◆ Listed records:
◇ ◇ ◇

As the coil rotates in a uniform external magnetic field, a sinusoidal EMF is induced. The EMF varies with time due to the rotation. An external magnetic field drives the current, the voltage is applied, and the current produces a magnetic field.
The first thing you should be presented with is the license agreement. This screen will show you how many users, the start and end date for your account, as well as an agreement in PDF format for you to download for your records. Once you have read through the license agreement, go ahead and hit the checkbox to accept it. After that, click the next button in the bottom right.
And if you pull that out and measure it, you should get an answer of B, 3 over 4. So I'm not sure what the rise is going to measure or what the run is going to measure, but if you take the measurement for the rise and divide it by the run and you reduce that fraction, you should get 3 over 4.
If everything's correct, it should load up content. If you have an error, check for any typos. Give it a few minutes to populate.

◇ ◇ ◇

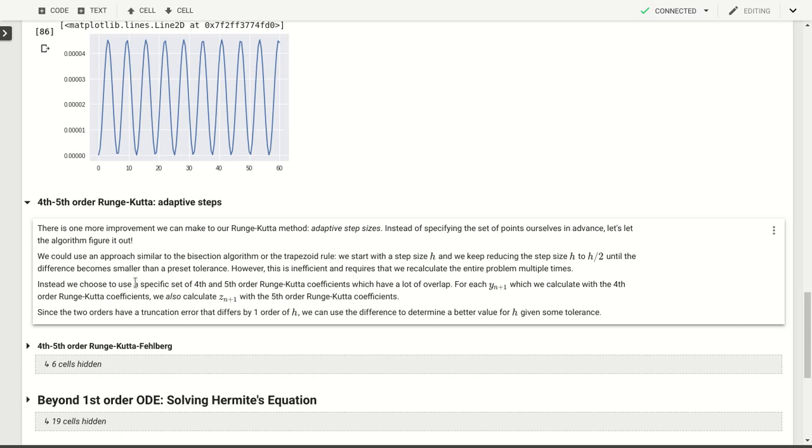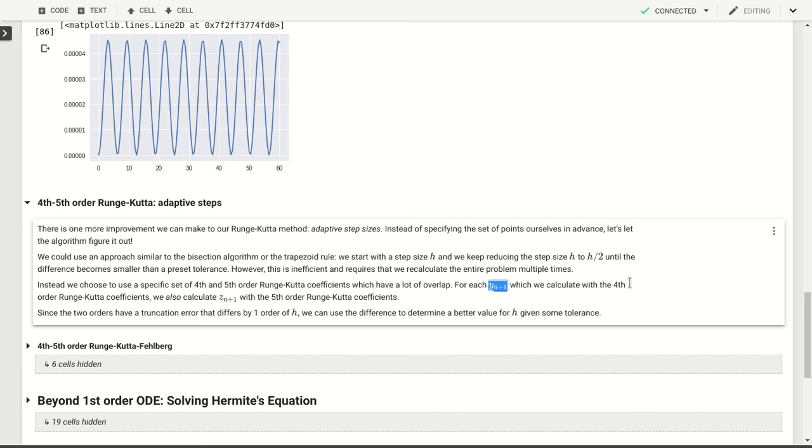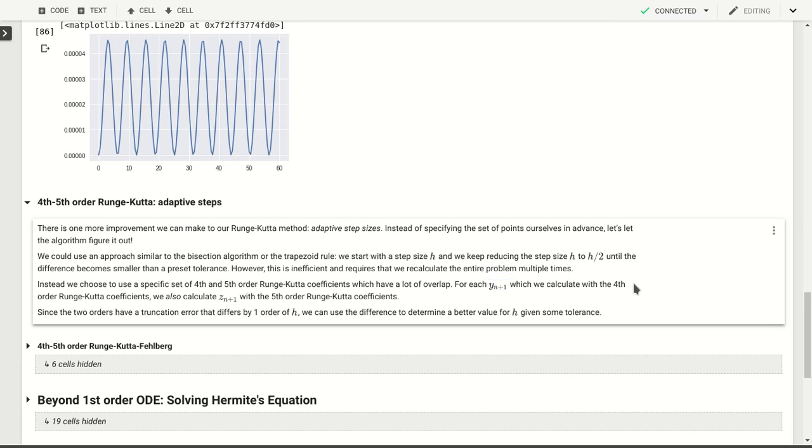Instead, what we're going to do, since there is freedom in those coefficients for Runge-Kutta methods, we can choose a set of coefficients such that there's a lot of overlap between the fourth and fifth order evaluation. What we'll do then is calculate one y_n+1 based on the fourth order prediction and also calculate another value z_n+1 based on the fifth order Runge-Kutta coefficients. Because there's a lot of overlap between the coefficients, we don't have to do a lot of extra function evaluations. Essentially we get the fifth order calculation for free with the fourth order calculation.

◇ ◇ ◇

◆ What the task asks: The stretch of entries above that starts with the line containing "As the coil" and goes on through the line containing "If everything's correct, it" is to be transcribed exactly, and no other line is to be transcribed.

◆ Solution to the problem:
As the coil rotates in a uniform external magnetic field, a sinusoidal EMF is induced. The EMF varies with time due to the rotation. An external magnetic field drives the current, the voltage is applied, and the current produces a magnetic field.
The first thing you should be presented with is the license agreement. This screen will show you how many users, the start and end date for your account, as well as an agreement in PDF format for you to download for your records. Once you have read through the license agreement, go ahead and hit the checkbox to accept it. After that, click the next button in the bottom right.
And if you pull that out and measure it, you should get an answer of B, 3 over 4. So I'm not sure what the rise is going to measure or what the run is going to measure, but if you take the measurement for the rise and divide it by the run and you reduce that fraction, you should get 3 over 4.
If everything's correct, it should load up content. If you have an error, check for any typos. Give it a few minutes to populate.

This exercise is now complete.